Your objective – Please give back the lines from the line containing "2000’s Garage tight" through the end of the listing below, exactly as written and without pictures.

+++ Data to examine

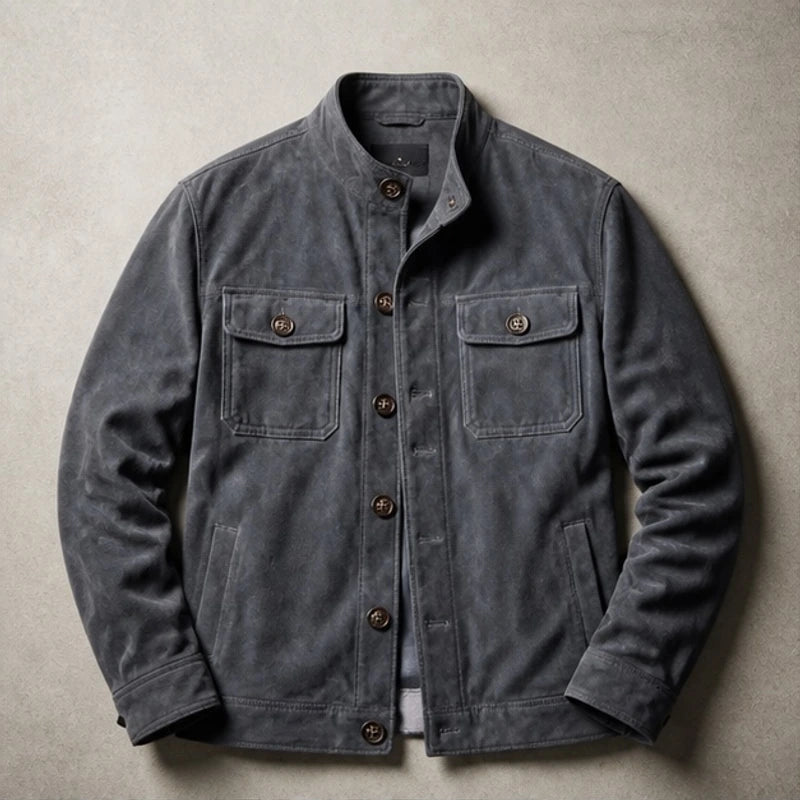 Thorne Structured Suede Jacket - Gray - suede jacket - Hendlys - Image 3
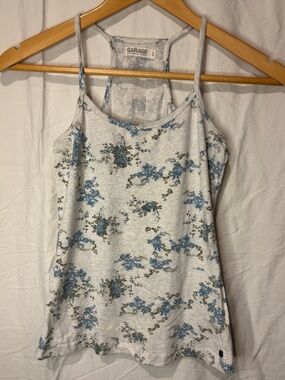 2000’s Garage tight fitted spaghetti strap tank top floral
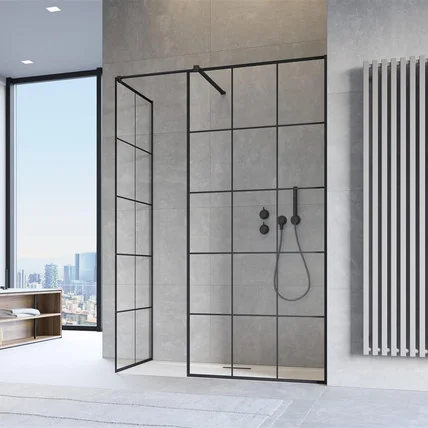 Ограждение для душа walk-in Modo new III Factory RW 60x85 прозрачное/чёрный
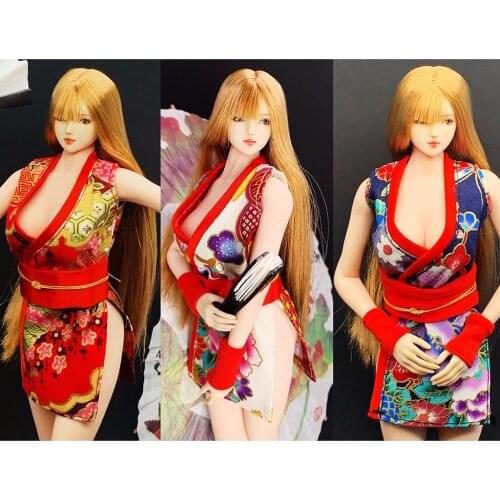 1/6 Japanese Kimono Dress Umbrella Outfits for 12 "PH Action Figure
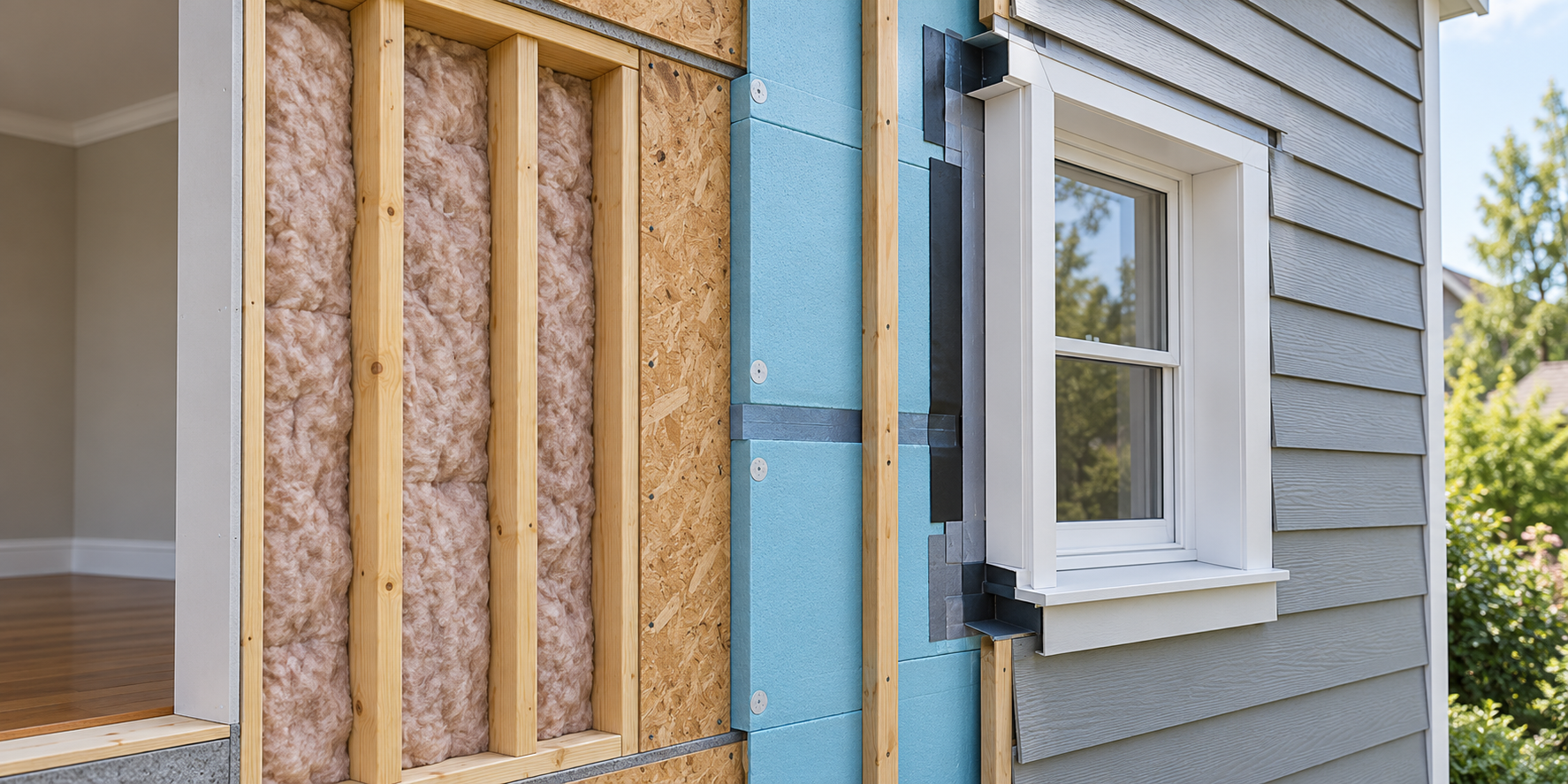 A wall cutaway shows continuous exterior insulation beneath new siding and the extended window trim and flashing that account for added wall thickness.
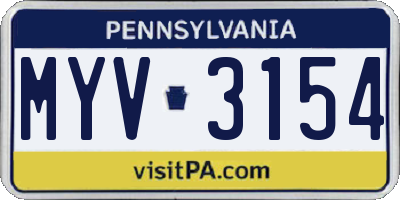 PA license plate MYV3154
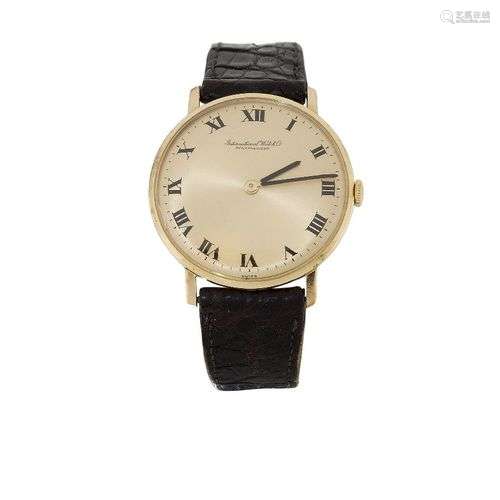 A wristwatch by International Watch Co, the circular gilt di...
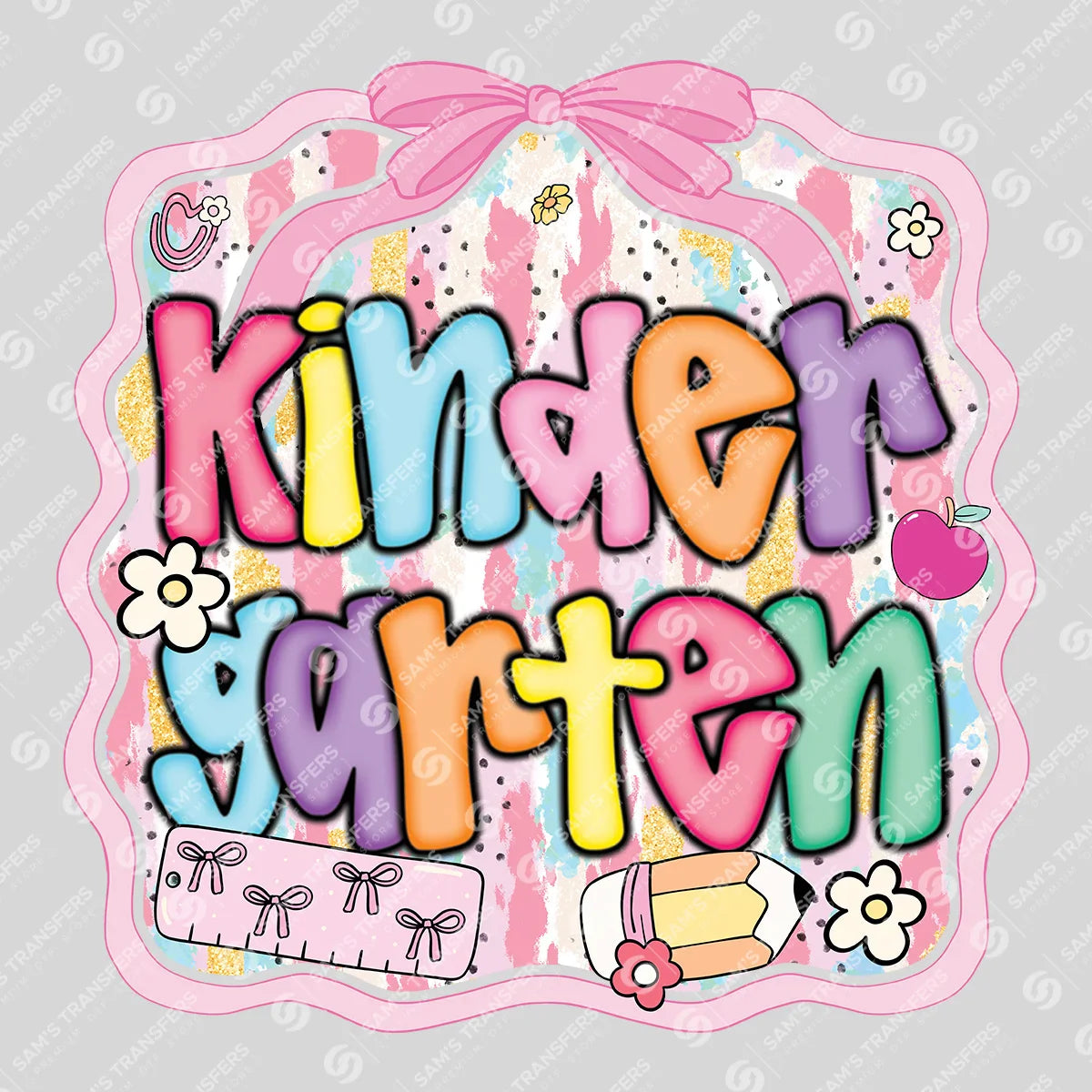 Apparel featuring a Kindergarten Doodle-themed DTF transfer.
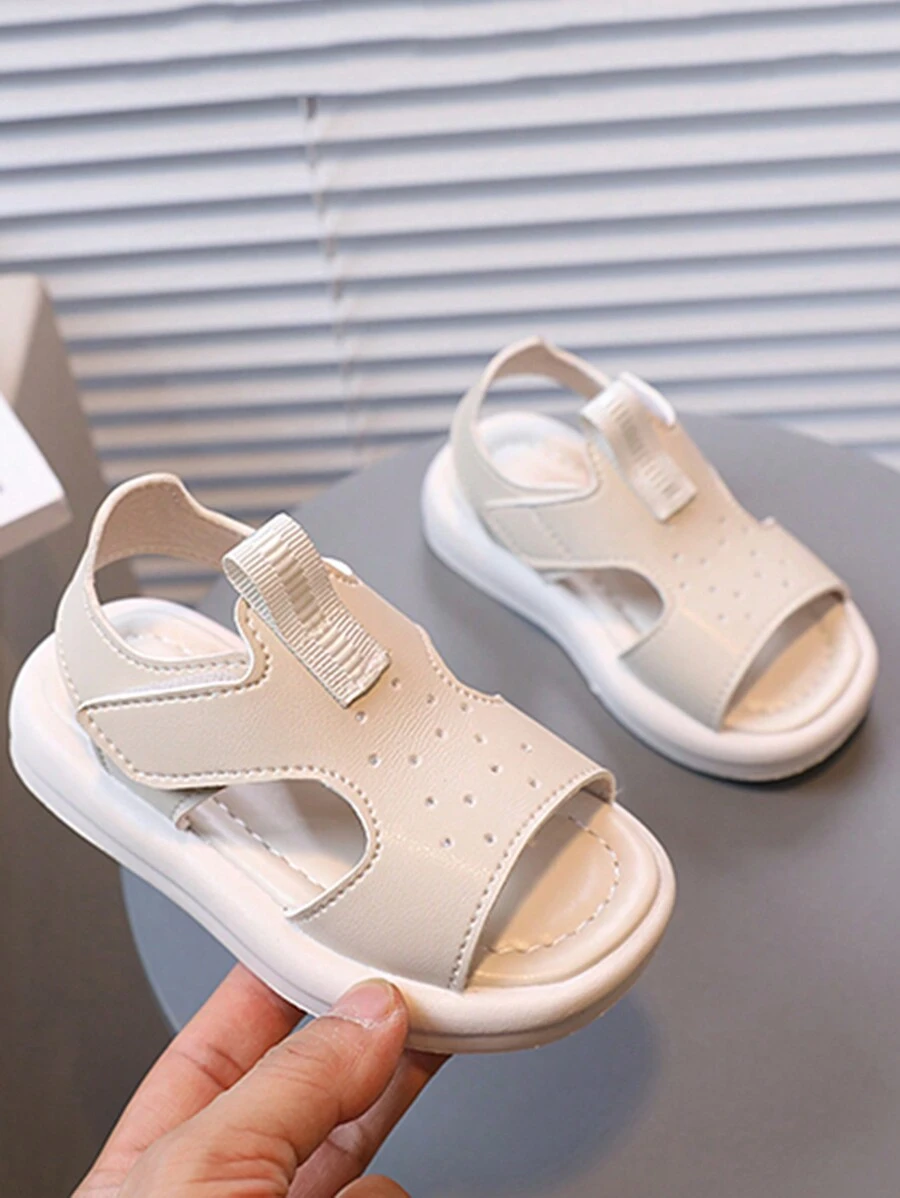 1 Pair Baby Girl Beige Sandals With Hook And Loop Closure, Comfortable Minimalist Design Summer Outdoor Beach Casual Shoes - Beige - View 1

++++++

Result for this exercise –
 2000’s Garage tight fitted spaghetti strap tank top floral
 Ограждение для душа walk-in Modo new III Factory RW 60x85 прозрачное/чёрный
 1/6 Japanese Kimono Dress Umbrella Outfits for 12 "PH Action Figure
 A wall cutaway shows continuous exterior insulation beneath new siding and the extended window trim and flashing that account for added wall thickness.
 PA license plate MYV3154
 A wristwatch by International Watch Co, the circular gilt di...
 Apparel featuring a Kindergarten Doodle-themed DTF transfer.
 1 Pair Baby Girl Beige Sandals With Hook And Loop Closure, Comfortable Minimalist Design Summer Outdoor Beach Casual Shoes - Beige - View 1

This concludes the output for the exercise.